Supplied records =>

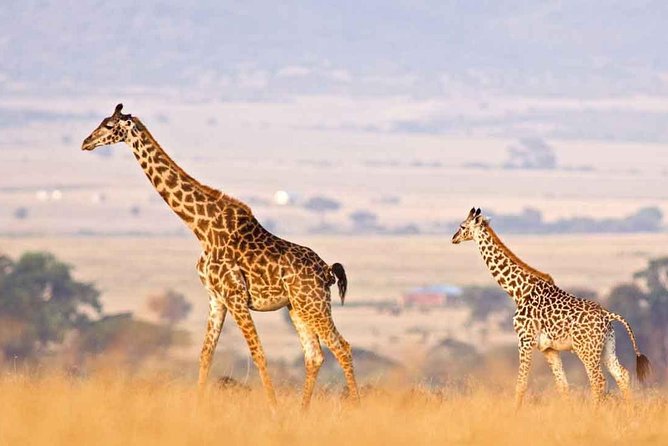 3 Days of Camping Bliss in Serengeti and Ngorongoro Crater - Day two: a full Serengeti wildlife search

--

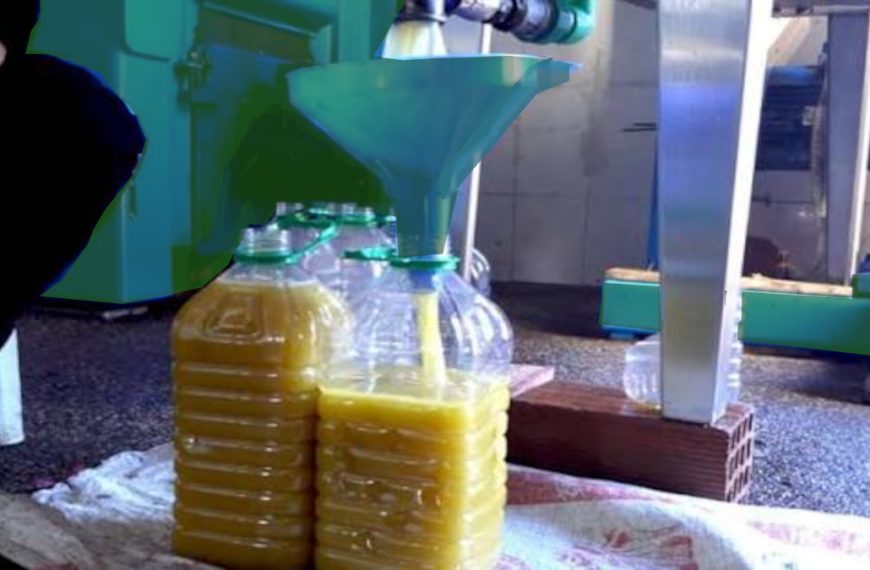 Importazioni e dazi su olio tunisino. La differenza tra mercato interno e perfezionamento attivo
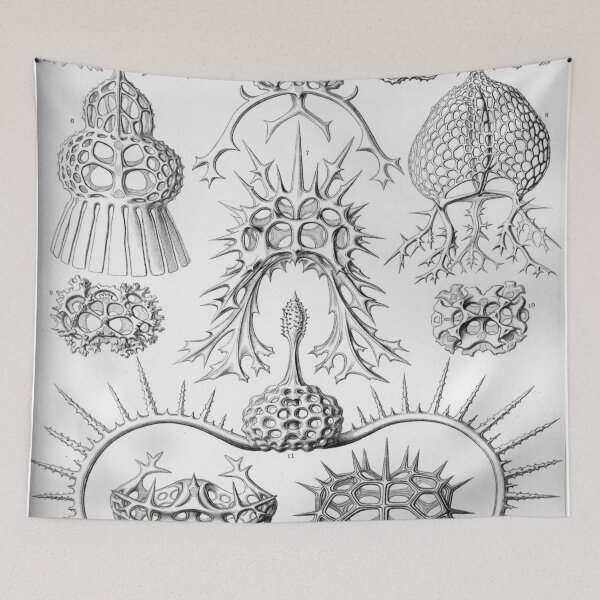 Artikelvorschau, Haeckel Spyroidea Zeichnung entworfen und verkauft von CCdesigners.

Task => Word for word, write out the lines above running from the one with "Importazioni e dazi" up to and including the one with "Artikelvorschau, Haeckel Spyroidea". Drop any picture.

Written answer =>
 Importazioni e dazi su olio tunisino. La differenza tra mercato interno e perfezionamento attivo
 Artikelvorschau, Haeckel Spyroidea Zeichnung entworfen und verkauft von CCdesigners.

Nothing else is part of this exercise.